==== DATA
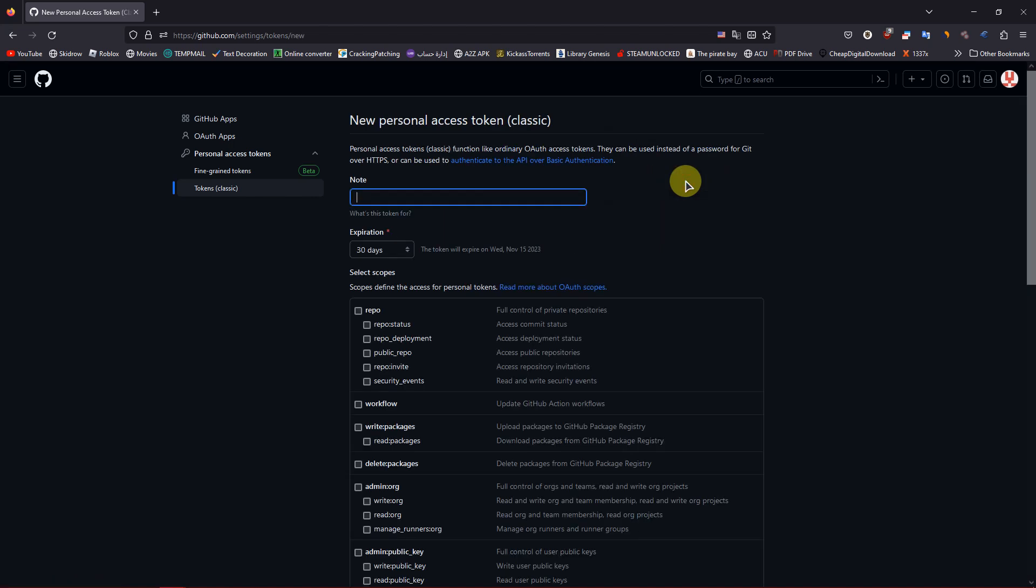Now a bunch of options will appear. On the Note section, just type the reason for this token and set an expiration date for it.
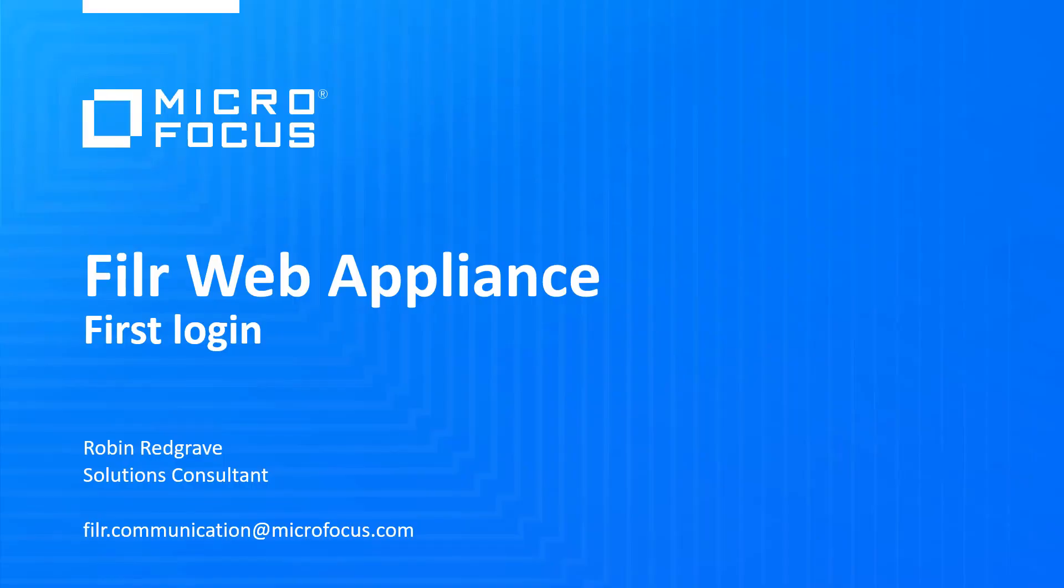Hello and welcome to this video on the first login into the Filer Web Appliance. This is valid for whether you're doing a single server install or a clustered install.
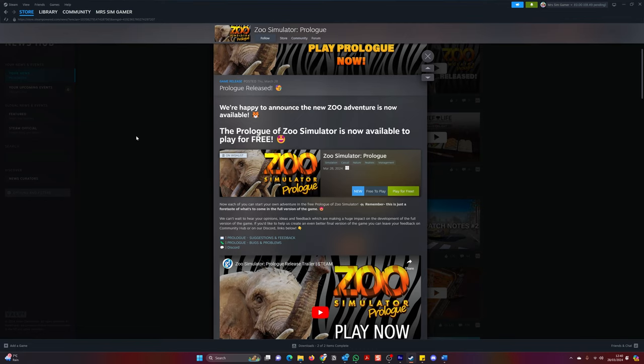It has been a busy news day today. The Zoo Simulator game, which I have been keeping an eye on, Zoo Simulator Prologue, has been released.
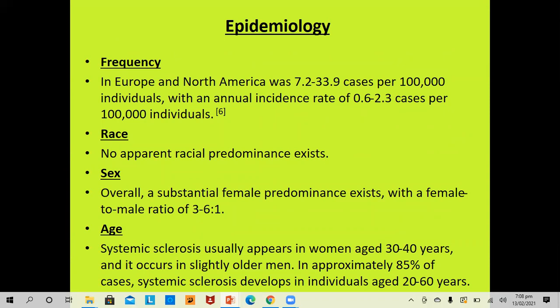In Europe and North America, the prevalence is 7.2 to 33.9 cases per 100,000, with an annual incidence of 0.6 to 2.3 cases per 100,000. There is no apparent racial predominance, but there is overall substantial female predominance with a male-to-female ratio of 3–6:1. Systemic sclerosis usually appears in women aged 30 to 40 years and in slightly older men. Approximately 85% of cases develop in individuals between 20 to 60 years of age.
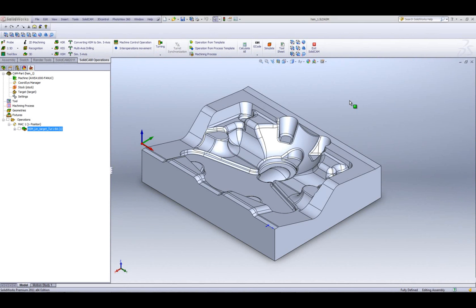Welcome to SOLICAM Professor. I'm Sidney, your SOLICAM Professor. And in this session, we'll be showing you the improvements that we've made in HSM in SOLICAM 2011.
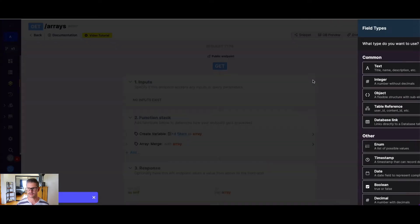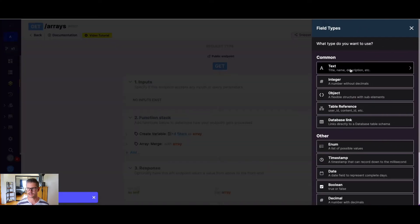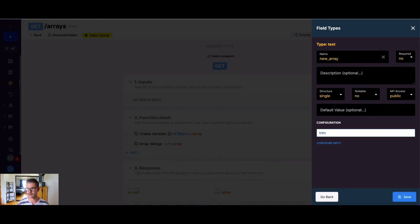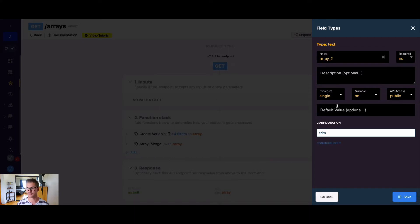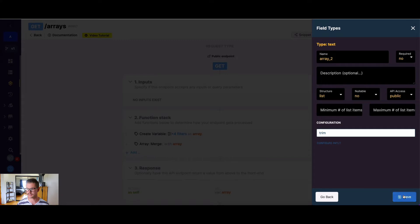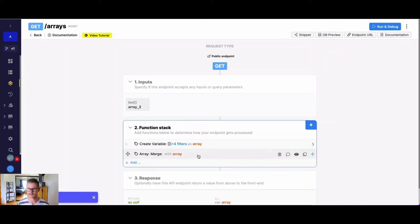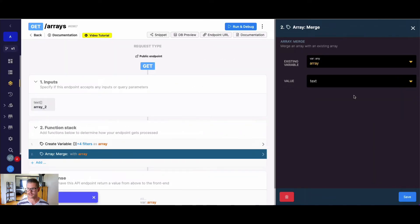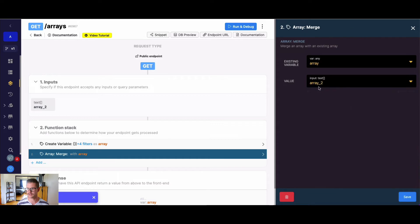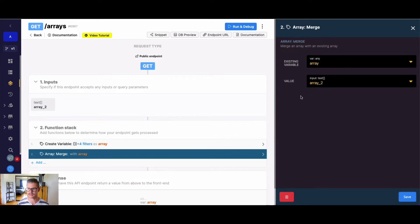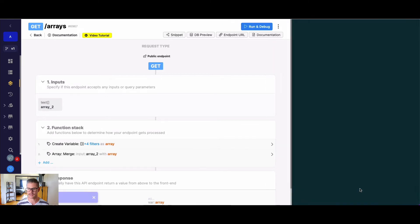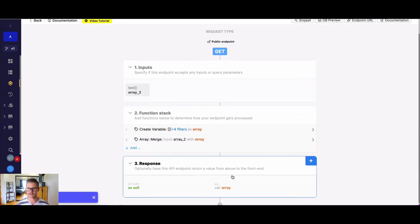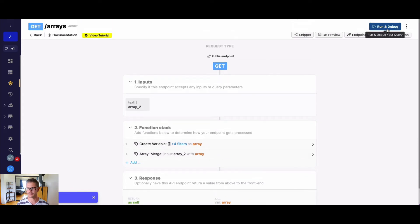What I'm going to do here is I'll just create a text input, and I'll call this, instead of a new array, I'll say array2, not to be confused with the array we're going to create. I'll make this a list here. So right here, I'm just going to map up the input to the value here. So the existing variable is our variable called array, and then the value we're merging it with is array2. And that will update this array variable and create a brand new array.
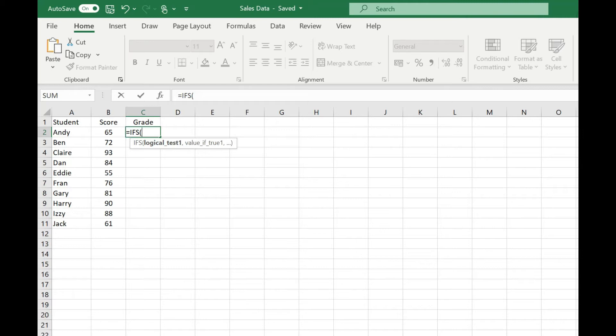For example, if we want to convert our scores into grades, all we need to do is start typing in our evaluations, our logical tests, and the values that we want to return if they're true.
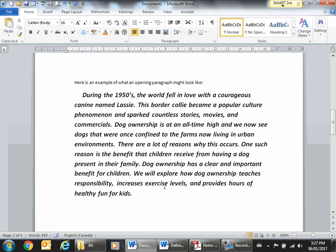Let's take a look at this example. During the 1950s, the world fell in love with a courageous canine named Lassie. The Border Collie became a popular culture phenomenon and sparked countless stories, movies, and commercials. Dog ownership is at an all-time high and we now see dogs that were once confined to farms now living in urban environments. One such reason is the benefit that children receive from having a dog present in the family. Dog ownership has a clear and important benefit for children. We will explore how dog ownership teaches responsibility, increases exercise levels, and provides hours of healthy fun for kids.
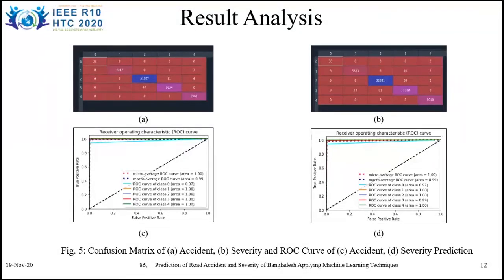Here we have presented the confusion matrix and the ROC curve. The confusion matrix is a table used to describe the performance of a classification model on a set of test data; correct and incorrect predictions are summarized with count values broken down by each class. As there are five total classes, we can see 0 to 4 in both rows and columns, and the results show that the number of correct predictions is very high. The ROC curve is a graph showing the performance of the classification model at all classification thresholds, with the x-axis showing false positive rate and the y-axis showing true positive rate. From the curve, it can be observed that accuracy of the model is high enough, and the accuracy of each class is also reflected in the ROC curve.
========
=== WORK TASK ===
Print each line of the listing exactly and include no pictures.

=== EXERCISE RESULT ===
Now a bunch of options will appear. On the Note section, just type the reason for this token and set an expiration date for it.
Hello and welcome to this video on the first login into the Filer Web Appliance. This is valid for whether you're doing a single server install or a clustered install.
It has been a busy news day today. The Zoo Simulator game, which I have been keeping an eye on, Zoo Simulator Prologue, has been released.
In Europe and North America, the prevalence is 7.2 to 33.9 cases per 100,000, with an annual incidence of 0.6 to 2.3 cases per 100,000. There is no apparent racial predominance, but there is overall substantial female predominance with a male-to-female ratio of 3–6:1. Systemic sclerosis usually appears in women aged 30 to 40 years and in slightly older men. Approximately 85% of cases develop in individuals between 20 to 60 years of age.
Welcome to SOLICAM Professor. I'm Sidney, your SOLICAM Professor. And in this session, we'll be showing you the improvements that we've made in HSM in SOLICAM 2011.
What I'm going to do here is I'll just create a text input, and I'll call this, instead of a new array, I'll say array2, not to be confused with the array we're going to create. I'll make this a list here. So right here, I'm just going to map up the input to the value here. So the existing variable is our variable called array, and then the value we're merging it with is array2. And that will update this array variable and create a brand new array.
For example, if we want to convert our scores into grades, all we need to do is start typing in our evaluations, our logical tests, and the values that we want to return if they're true.
Let's take a look at this example. During the 1950s, the world fell in love with a courageous canine named Lassie. The Border Collie became a popular culture phenomenon and sparked countless stories, movies, and commercials. Dog ownership is at an all-time high and we now see dogs that were once confined to farms now living in urban environments. One such reason is the benefit that children receive from having a dog present in the family. Dog ownership has a clear and important benefit for children. We will explore how dog ownership teaches responsibility, increases exercise levels, and provides hours of healthy fun for kids.
Here we have presented the confusion matrix and the ROC curve. The confusion matrix is a table used to describe the performance of a classification model on a set of test data; correct and incorrect predictions are summarized with count values broken down by each class. As there are five total classes, we can see 0 to 4 in both rows and columns, and the results show that the number of correct predictions is very high. The ROC curve is a graph showing the performance of the classification model at all classification thresholds, with the x-axis showing false positive rate and the y-axis showing true positive rate. From the curve, it can be observed that accuracy of the model is high enough, and the accuracy of each class is also reflected in the ROC curve.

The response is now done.